Pode-se então concluir que as revelações trazidas por Ubaldi
não vêm romper a unidade doutrinária do Espiritismo, porém, muito pelo
contrário, unir-se ao esforço de cingir as suas principais correntes
filosóficas em um só contingente da verdade, sanando-se as suas aparentes
divergências. Além do mais, como vimos, elas representam a chave que nos
faltava para unificar o evoluído pensamento espírita à teologia cristã,
conferindo-lhe legitimidade universal. E então passaremos a entender a
relevância que aqui lhe foi dada.
Antevemos que estamos diante de uma nova revolução
ideológica, a qual não só convulsionará a epistemologia moderna como também
será a base para todo edifício conceptual a se erguer doravante no profícuo
terreno do espírito, fazendo-se assim o sustentáculo da nova civilização do
terceiro milênio. Os estudos psíquicos serão abastecidos com essa renovada
compreensão dos panoramas da alma humana, consubstanciando significativamente
uma nova psicologia e uma nova medicina na Terra, as quais nos disponibilizarão
renovados e surpreendentes recursos terapêuticos. E, sobretudo, será o fator
que aproximará o Evangelho do Cristo da ciência dos nossos dias, conferindo-lhe
o aval de insofismável verdade científica.

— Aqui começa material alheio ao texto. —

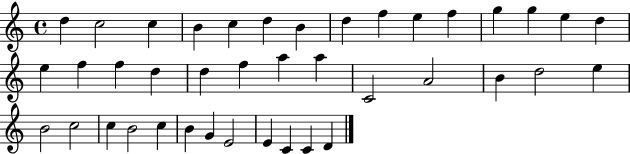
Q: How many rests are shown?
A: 0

Eis então que não podemos deixar
passar a oportunidade de meditar profundamente nessas lições, preparando-nos
para as estradas do porvir.
Por tudo isso, estamos certos de que a premissa da Queda
será, no futuro, comparada à descoberta de Copérnico, a qual nos retirou
definitivamente do centro do universo, pois, uma vez compreendida, ela nos
projetará em uma revolucionária e surpreendente visão da vida e de nós mesmos.
Fato que não apenas modificará significativamente a face do planeta, como
também, enfeixando o mais espetacular estímulo de reforma moral, ajudará a
fixar em nós a imprescindível redenção crística.
Remetemos o leitor interessado em aprofundar a análise dos
temas aqui apresentados às obras de Pietro Ubaldi, sobretudo Deus e Universo, O
Sistema e Queda e Salvação (17), onde encontrará o mais importante e detalhado
estudo da grande queda do espírito já composto até os dias de hoje. Obras que
não só nos esclarecem sobremaneira, mas representam o mais elevado compêndio de
ciência do espírito ao nosso dispor na atualidade.
Belo Horizonte, outono de 2007
Gilson Freire
Notas
-1 O Sistema, página 8 da 3ª edição – um dos livros de Pietro
Ubaldi, traduzido e apresentado por Pastorino, publicado pelo Instituto Pietro
Ubaldi.
- 2 FEB, capítulo I, item 55.
-3 Editado pela FEB.
-4 Os grifos em todas as citações são nossos.
-5 FEB, 30ª edição, primeira parte, capítulo 1, página 13.
-6 Editado pela FEB.
-7 FEB, 13ª edição, segunda parte, capítulo II, página 202.
-8 FEB, 27ª edição, capítulo 2, página 30.
-9 FEB, 7ª edição, capítulo 33, páginas 213 e 214.
-10 FEB, 6ª edição, capítulo 21, página 179.
-11 FEB, 4ª edição, capítulo 2, página 24.
-12 FEB, 4ª edição, capítulo 11, página 155.
-13 FEB, 21ª edição, capítulo 18, página 227.
-14 FEB, 21ª edição, capítulo 18, página 233.
-15 FEB, 30ª edição, capítulo 11, página 63.
-16 FEB, 7ª edição – Mateus I, 1-17; Lucas III, 23-28 –
páginas 67 e 68.
-17 Publicadas pelo Instituto Pietro Ubaldi.